Reference: Information Commissioner’s Office Guidelines

In brief

Anyone has a right to request information from a public authority. Charlcombe Parish Council has two separate duties when responding to these requests:

* to tell the applicant whether you hold any information falling within the scope of their request; and

* to provide that information.

The Parish Council normally has 20 working days to respond to a request.

For a request to be valid under the Freedom of Information Act it must be in writing, but requesters do not have to mention the Act or direct their request to a designated member of the Council. It is good practice to provide the contact details of your freedom of information officer (the Parish Clerk), but we cannot ignore or refuse a request simply because it is addressed to a different member of the Council. Any letter or email to a public authority asking for information is a request for recorded information under the Act.
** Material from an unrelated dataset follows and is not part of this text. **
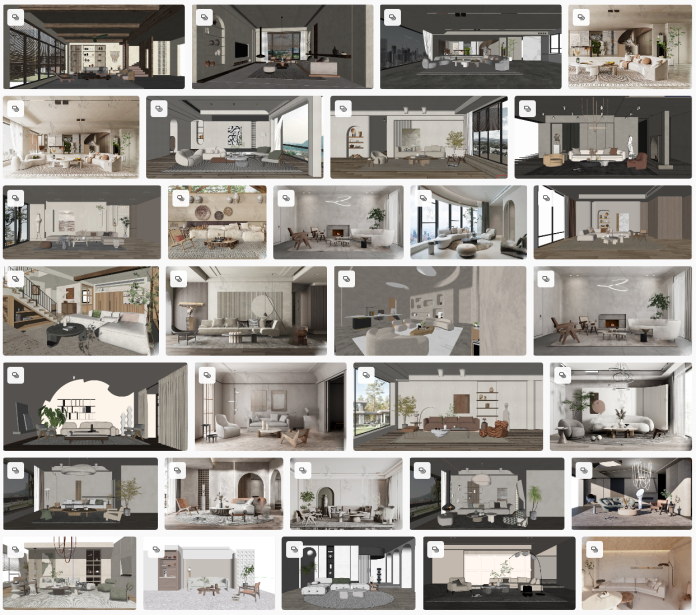 62+ Phòng Khách - Sketchup Đẹp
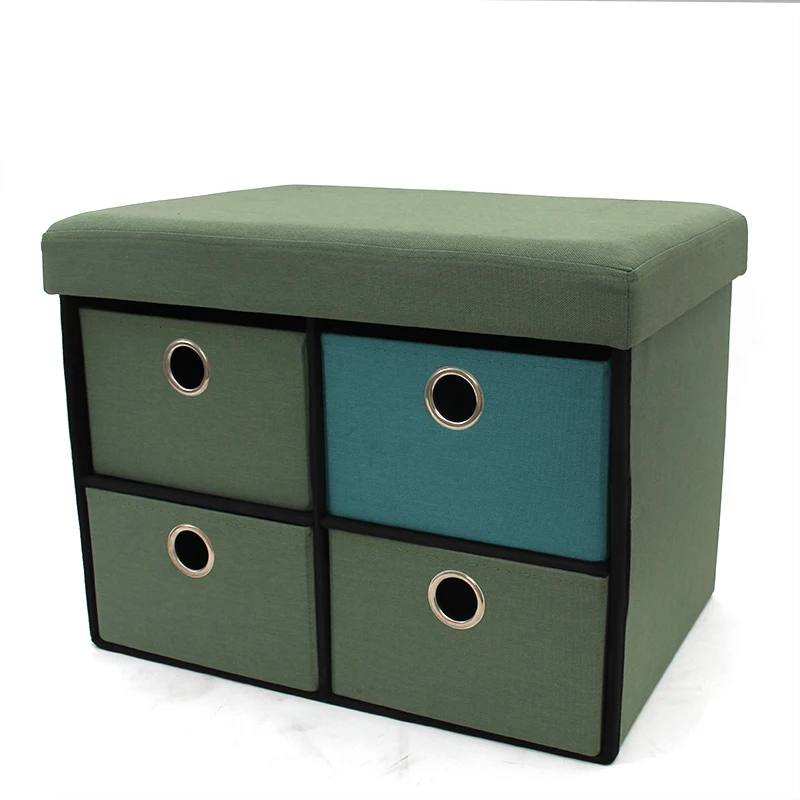 

RTS furniture home foldable bedroom fabric storage kids toy box stool ottoman with drawers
What makes a request valid?

To be valid under the Act, the request must:

* be in writing. This could be a letter or email. Requests can also be made via the web, or even on social networking sites such as Facebook or Twitter if your public authority uses these (not at present);

* include the requester’s real name. The Act treats all requesters alike, so we should not normally seek to verify the requester’s identity. However, we may decide to check their identity if it is clear they are using a pseudonym or if there are legitimate grounds for refusing their request and we suspect they are trying to avoid this happening, for example because their request is vexatious or repeated. A request can be made in the name of an organisation, or by one person on behalf of another, such as a solicitor on behalf of a client;

* include an address for correspondence. This need not be the person’s residential or work address – it can be any address at which we can write to them, including a postal address or email address;

* describe the information requested. The Act covers information not documents, so a requester does not have to ask for a specific document (although they may do so). They can, for example, ask about a specific topic and expect us to gather the relevant information to answer their enquiry.